Get a reference to model serving to perform operations on. Model serving operates on top of a model registry, defaulting to the project's default model registry.

Example

import hopsworks

project = hopsworks.login()

ms = project.get_model_serving()

Returns

ModelServing. A model serving handle object to perform operations on.


Properties#

[source]

project_id#

Id of the project in which Model Serving is located.


[source]

project_name#

Name of the project in which Model Serving is located.


[source]

project_path#

Path of the project the registry is connected to.


Methods#

[source]

create_deployment#

ModelServing.create_deployment(predictor, name=None, environment=None)

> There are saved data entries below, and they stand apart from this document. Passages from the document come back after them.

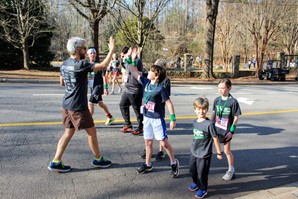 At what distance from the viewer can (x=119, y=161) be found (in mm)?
4855

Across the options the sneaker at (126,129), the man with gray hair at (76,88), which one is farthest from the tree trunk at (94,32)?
the man with gray hair at (76,88)

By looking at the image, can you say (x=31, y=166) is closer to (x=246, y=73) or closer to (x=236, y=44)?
(x=246, y=73)

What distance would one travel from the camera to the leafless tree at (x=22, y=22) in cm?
2123

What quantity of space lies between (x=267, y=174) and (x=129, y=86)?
316cm

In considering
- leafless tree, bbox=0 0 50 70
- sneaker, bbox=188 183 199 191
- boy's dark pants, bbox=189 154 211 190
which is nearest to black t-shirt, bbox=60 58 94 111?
boy's dark pants, bbox=189 154 211 190

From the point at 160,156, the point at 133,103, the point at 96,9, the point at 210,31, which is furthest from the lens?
the point at 210,31

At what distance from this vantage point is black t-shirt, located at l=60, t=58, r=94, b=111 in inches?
154

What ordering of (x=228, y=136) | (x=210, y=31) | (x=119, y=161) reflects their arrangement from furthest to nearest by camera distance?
(x=210, y=31) < (x=119, y=161) < (x=228, y=136)

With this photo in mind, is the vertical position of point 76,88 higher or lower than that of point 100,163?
higher

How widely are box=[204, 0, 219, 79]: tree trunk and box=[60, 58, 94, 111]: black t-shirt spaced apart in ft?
60.9

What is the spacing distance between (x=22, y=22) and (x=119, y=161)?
65.3 feet

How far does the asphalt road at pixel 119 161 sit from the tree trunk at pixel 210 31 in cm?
1394

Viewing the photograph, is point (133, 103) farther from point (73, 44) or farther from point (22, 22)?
point (22, 22)

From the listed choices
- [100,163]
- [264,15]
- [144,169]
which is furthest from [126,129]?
[264,15]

Create a Deployment metadata object.

Example

# login into Hopsworks using hopsworks.login()

# get Hopsworks Model Registry handle
mr = project.get_model_registry()

# retrieve the trained model you want to deploy
my_model = mr.get_model("my_model", version=1)

# get Hopsworks Model Serving handle
ms = project.get_model_serving()

my_predictor = ms.create_predictor(my_model)

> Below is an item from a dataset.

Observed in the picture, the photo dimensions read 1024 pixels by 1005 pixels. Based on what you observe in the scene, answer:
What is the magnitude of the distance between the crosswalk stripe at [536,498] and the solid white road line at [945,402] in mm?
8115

my_deployment = ms.create_deployment(my_predictor)
my_deployment.save()

Using the model object

# login into Hopsworks using hopsworks.login()

# get Hopsworks Model Registry handle
mr = project.get_model_registry()

# retrieve the trained model you want to deploy
my_model = mr.get_model("my_model", version=1)

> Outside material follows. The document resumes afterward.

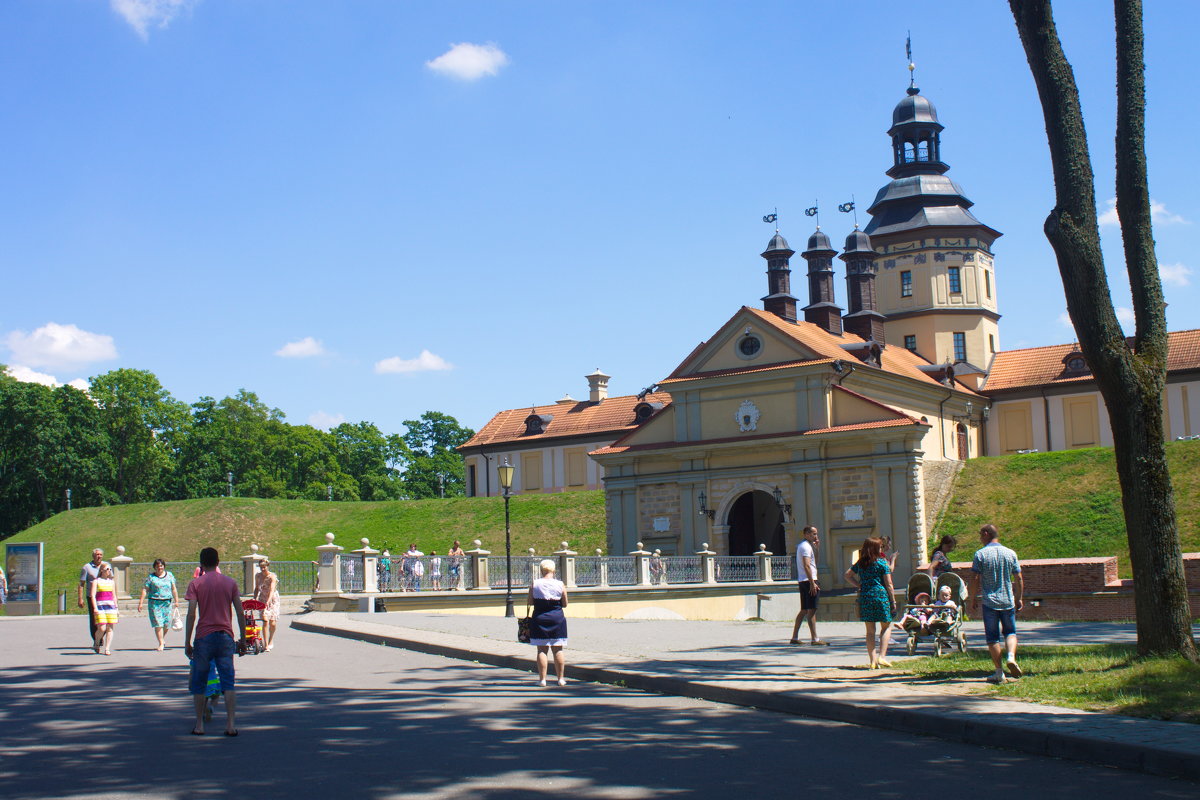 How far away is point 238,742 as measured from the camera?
372 inches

my_deployment = my_model.deploy()

my_deployment.get_state().describe()

Using the Model Serving handle

# login into Hopsworks using hopsworks.login()

# get Hopsworks Model Registry handle
mr = project.get_model_registry()

# retrieve the trained model you want to deploy
my_model = mr.get_model("my_model", version=1)

# get Hopsworks Model Serving handle
ms = project.get_model_serving()

my_predictor = ms.create_predictor(my_model)

my_deployment = my_predictor.deploy()

my_deployment.get_state().describe()

Lazy

This method is lazy and does not persist any metadata or deploy any model. To create a deployment, call the save() method.

Arguments

  • predictor hsml.predictor.Predictor: predictor to be used in the deployment
  • name str | None: name of the deployment
  • environment str | None: The inference environment to use

Returns

Deployment. The model metadata object.


[source]

create_predictor#

ModelServing.create_predictor(
    model,
    name=None,
    artifact_version="CREATE",
    serving_tool=None,
    script_file=None,
    config_file=None,
    resources=None,
    inference_logger=None,
    inference_batcher=None,
    transformer=None,
    api_protocol="REST",
)

Create a Predictor metadata object.

Example

# login into Hopsworks using hopsworks.login()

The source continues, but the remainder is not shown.